▶ [Stored data entries]

--- START ---

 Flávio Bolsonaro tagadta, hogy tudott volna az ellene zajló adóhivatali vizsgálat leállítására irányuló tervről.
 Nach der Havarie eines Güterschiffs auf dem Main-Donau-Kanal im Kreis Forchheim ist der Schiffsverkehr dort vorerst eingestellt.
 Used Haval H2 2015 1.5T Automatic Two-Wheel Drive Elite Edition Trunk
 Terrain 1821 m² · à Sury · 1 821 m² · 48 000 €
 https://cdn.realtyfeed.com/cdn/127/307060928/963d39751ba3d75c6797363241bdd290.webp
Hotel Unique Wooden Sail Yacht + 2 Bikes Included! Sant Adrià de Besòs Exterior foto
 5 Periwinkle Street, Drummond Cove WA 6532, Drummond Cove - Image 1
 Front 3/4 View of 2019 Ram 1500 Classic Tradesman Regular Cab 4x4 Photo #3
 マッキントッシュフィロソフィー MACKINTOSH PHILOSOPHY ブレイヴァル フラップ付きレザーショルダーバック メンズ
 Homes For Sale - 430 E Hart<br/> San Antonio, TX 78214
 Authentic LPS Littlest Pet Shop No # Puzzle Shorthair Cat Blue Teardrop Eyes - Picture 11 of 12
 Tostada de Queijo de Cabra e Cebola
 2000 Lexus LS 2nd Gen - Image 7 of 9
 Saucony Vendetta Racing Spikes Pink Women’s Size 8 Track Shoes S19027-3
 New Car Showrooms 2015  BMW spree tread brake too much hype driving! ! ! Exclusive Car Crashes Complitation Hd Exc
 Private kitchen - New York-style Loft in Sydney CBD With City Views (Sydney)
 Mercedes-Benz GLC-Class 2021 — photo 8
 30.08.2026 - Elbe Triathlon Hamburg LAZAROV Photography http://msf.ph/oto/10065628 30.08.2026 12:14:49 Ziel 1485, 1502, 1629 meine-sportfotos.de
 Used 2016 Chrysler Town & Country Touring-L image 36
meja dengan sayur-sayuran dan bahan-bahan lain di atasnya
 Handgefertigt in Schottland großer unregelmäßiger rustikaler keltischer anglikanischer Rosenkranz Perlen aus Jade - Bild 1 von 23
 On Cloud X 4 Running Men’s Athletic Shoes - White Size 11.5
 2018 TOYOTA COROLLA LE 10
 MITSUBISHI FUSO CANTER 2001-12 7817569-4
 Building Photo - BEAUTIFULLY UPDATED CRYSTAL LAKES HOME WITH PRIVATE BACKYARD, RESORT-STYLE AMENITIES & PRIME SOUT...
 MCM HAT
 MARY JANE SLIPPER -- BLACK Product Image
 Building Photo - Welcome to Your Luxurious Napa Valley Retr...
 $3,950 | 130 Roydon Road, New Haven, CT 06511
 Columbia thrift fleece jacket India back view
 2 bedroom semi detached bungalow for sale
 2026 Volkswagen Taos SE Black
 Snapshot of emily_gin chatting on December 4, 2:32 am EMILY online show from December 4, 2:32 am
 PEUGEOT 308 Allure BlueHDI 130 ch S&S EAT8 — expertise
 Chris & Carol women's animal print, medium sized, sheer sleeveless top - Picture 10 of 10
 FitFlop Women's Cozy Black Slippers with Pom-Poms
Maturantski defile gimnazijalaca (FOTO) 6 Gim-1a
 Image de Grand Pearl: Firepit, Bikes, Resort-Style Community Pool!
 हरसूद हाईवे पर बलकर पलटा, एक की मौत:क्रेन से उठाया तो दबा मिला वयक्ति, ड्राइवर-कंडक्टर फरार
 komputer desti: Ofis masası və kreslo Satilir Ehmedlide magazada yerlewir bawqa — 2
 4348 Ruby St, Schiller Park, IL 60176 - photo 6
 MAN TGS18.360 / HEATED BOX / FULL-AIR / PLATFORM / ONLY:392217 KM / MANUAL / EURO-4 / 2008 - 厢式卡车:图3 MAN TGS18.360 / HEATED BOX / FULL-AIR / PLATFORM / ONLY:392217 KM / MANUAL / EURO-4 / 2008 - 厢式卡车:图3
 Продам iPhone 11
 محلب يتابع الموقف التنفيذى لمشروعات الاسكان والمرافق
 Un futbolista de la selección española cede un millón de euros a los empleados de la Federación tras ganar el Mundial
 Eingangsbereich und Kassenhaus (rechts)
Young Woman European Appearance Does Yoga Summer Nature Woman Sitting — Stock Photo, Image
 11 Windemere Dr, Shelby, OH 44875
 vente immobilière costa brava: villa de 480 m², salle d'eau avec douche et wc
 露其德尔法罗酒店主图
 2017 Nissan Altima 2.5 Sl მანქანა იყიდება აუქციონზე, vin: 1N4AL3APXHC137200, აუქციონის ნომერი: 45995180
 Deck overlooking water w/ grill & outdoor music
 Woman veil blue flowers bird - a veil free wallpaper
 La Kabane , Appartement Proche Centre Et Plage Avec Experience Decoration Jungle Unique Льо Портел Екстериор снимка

--- END ---

▶ [EXERCISE PROMPT] Copy word for word the stretch of entries above from the line that has "Used Haval H2" through the line that has "PEUGEOT 308 Allure", both ends included, and nothing outside it.

▶ [TASK OUTPUT]
 Used Haval H2 2015 1.5T Automatic Two-Wheel Drive Elite Edition Trunk
 Terrain 1821 m² · à Sury · 1 821 m² · 48 000 €
 https://cdn.realtyfeed.com/cdn/127/307060928/963d39751ba3d75c6797363241bdd290.webp
Hotel Unique Wooden Sail Yacht + 2 Bikes Included! Sant Adrià de Besòs Exterior foto
 5 Periwinkle Street, Drummond Cove WA 6532, Drummond Cove - Image 1
 Front 3/4 View of 2019 Ram 1500 Classic Tradesman Regular Cab 4x4 Photo #3
 マッキントッシュフィロソフィー MACKINTOSH PHILOSOPHY ブレイヴァル フラップ付きレザーショルダーバック メンズ
 Homes For Sale - 430 E Hart<br/> San Antonio, TX 78214
 Authentic LPS Littlest Pet Shop No # Puzzle Shorthair Cat Blue Teardrop Eyes - Picture 11 of 12
 Tostada de Queijo de Cabra e Cebola
 2000 Lexus LS 2nd Gen - Image 7 of 9
 Saucony Vendetta Racing Spikes Pink Women’s Size 8 Track Shoes S19027-3
 New Car Showrooms 2015  BMW spree tread brake too much hype driving! ! ! Exclusive Car Crashes Complitation Hd Exc
 Private kitchen - New York-style Loft in Sydney CBD With City Views (Sydney)
 Mercedes-Benz GLC-Class 2021 — photo 8
 30.08.2026 - Elbe Triathlon Hamburg LAZAROV Photography http://msf.ph/oto/10065628 30.08.2026 12:14:49 Ziel 1485, 1502, 1629 meine-sportfotos.de
 Used 2016 Chrysler Town & Country Touring-L image 36
meja dengan sayur-sayuran dan bahan-bahan lain di atasnya
 Handgefertigt in Schottland großer unregelmäßiger rustikaler keltischer anglikanischer Rosenkranz Perlen aus Jade - Bild 1 von 23
 On Cloud X 4 Running Men’s Athletic Shoes - White Size 11.5
 2018 TOYOTA COROLLA LE 10
 MITSUBISHI FUSO CANTER 2001-12 7817569-4
 Building Photo - BEAUTIFULLY UPDATED CRYSTAL LAKES HOME WITH PRIVATE BACKYARD, RESORT-STYLE AMENITIES & PRIME SOUT...
 MCM HAT
 MARY JANE SLIPPER -- BLACK Product Image
 Building Photo - Welcome to Your Luxurious Napa Valley Retr...
 $3,950 | 130 Roydon Road, New Haven, CT 06511
 Columbia thrift fleece jacket India back view
 2 bedroom semi detached bungalow for sale
 2026 Volkswagen Taos SE Black
 Snapshot of emily_gin chatting on December 4, 2:32 am EMILY online show from December 4, 2:32 am
 PEUGEOT 308 Allure BlueHDI 130 ch S&S EAT8 — expertise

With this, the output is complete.